Yup. Theoretical in the sense that this_load and min_load will be
affected both the same way as long as load_idx = 0.

> 

> (changes nothing, reality was just extra special unadulterated;)


Agreed.

> 

> 	-Mike  

>
Dietmar Eggemann July 11, 2016, 8:58 a.m. UTC | #4
On 04/07/16 16:04, Matt Fleming wrote:
> On Wed, 15 Jun, at 04:32:58PM, Dietmar Eggemann wrote:

>> On 14/06/16 17:40, Mike Galbraith wrote:

>>> On Tue, 2016-06-14 at 15:14 +0100, Dietmar Eggemann wrote:

>>>

>>>> IMHO, the hackbench performance "boost" w/o 0905f04eb21f is due to the

>>>> fact that a new task gets all it's load decayed (making it a small task)

>>>> in the __update_load_avg() call in remove_entity_load_avg() because its

>>>> se->avg.last_update_time value is 0 which creates a huge time difference

>>>> comparing it to cfs_rq->avg.last_update_time.
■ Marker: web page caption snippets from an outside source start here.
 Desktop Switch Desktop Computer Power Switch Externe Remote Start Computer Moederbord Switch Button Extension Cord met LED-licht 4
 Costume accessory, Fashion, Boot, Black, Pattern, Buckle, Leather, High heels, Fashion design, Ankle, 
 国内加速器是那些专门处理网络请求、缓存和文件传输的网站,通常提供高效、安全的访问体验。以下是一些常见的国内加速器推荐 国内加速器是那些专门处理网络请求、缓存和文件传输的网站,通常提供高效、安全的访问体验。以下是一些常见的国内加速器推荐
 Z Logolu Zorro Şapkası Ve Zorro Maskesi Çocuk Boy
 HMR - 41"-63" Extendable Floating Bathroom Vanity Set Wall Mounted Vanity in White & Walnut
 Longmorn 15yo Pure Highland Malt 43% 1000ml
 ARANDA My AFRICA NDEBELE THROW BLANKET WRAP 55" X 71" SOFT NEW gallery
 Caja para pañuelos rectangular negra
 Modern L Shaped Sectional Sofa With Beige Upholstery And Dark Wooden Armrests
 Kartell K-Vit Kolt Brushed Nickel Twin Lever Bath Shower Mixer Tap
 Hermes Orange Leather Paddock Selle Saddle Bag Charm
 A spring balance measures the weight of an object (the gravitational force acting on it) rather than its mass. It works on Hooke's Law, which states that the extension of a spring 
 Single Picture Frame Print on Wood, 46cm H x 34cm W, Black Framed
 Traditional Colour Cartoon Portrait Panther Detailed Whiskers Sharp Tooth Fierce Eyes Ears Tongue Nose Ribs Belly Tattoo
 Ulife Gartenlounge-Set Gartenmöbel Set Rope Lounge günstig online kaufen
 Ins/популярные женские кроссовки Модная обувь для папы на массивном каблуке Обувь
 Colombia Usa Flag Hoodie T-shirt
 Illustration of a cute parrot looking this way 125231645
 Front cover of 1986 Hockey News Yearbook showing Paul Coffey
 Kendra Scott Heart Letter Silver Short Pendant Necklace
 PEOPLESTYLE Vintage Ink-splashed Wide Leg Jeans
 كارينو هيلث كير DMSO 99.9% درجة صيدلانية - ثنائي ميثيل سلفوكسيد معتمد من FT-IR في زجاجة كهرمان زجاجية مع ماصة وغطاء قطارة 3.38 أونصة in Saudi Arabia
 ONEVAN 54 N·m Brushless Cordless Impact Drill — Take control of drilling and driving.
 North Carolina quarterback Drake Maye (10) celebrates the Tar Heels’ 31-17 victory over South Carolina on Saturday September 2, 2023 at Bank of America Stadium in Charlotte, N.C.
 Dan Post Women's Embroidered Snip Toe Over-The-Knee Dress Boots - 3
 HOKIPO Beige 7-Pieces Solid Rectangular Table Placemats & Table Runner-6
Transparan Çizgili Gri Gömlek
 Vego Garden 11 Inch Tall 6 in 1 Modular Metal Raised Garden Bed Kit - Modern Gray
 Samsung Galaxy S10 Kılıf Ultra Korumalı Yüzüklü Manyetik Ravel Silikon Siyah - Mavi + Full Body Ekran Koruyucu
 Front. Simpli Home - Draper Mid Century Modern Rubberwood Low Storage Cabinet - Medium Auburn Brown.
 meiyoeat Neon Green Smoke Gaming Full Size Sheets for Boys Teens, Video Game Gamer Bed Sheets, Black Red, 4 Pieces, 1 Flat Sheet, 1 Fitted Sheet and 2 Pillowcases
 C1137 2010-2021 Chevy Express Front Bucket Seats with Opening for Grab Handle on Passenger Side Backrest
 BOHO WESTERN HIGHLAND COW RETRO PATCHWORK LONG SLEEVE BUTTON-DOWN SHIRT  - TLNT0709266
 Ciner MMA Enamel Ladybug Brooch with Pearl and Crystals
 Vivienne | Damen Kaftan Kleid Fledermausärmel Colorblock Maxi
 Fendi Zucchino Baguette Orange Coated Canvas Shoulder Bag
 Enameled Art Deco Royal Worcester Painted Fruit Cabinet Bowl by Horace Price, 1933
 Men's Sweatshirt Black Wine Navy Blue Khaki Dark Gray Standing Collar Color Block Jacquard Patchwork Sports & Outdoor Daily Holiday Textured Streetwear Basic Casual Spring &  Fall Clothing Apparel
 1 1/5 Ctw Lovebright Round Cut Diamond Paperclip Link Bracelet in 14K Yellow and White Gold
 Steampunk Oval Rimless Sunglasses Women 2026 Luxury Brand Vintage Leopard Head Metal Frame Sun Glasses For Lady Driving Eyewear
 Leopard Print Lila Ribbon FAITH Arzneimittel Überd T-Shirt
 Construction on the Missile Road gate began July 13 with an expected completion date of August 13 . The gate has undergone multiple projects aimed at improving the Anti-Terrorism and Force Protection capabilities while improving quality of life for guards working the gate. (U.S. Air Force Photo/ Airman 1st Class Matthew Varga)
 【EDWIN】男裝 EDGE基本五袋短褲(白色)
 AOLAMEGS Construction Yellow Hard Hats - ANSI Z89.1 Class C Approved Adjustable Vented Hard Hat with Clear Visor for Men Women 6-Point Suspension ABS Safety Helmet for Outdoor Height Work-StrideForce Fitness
The patch 0905f04eb21f

>>>> avoids this and thus the task stays big se->avg.load_avg = 1024.

>>>

>>> I don't care much at all about the hackbench "regression" in its own

>>> right, and what causes it, for me, bottom line is that there are cases

>>> where we need to be able to resolve, and can't, simply because we're

>>> looking at a fuzzy (rippling) reflection.

>>

>> Understood. I just thought it would be nice to know why 0905f04eb21f

>> makes this problem even more visible. But so far I wasn't able to figure

>> out why this diff in se->avg.load_avg [1024 versus 0] has this effect on

>> cfs_rq->runnable_load_avg making it even less suitable in find idlest*.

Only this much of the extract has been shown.